**WHAT IS REQUIRED**
Using the data below, copy every line that contains the word "Stock".

+ + + + +

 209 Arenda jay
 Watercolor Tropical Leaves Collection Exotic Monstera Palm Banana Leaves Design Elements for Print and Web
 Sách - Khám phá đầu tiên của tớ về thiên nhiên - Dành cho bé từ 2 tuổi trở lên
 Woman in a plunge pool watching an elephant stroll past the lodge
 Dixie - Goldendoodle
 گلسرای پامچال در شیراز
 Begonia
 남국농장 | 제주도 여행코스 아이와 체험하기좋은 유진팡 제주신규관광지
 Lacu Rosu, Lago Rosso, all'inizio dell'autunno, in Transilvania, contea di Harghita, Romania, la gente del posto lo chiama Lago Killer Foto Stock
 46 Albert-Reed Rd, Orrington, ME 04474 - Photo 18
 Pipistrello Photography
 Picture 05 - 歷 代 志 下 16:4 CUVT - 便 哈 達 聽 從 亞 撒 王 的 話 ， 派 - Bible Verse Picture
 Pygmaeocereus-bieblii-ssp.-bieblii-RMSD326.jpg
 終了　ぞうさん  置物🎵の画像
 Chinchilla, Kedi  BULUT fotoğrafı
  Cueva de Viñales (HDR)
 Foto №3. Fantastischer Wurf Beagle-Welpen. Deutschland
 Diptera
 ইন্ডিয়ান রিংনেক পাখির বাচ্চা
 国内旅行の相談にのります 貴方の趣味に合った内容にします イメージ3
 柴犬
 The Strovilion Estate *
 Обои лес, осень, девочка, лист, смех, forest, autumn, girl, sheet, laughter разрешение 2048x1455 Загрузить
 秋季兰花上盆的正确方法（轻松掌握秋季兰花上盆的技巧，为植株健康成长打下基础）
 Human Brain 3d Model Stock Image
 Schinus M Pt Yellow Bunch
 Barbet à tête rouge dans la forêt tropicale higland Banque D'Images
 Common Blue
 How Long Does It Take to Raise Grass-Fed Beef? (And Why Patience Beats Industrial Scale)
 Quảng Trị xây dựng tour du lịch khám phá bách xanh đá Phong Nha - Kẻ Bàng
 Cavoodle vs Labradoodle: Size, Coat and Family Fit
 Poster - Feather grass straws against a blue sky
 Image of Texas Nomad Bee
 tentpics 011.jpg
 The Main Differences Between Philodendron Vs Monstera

+ + + + +

**EXERCISE RESULT**
 Lacu Rosu, Lago Rosso, all'inizio dell'autunno, in Transilvania, contea di Harghita, Romania, la gente del posto lo chiama Lago Killer Foto Stock
 Human Brain 3d Model Stock Image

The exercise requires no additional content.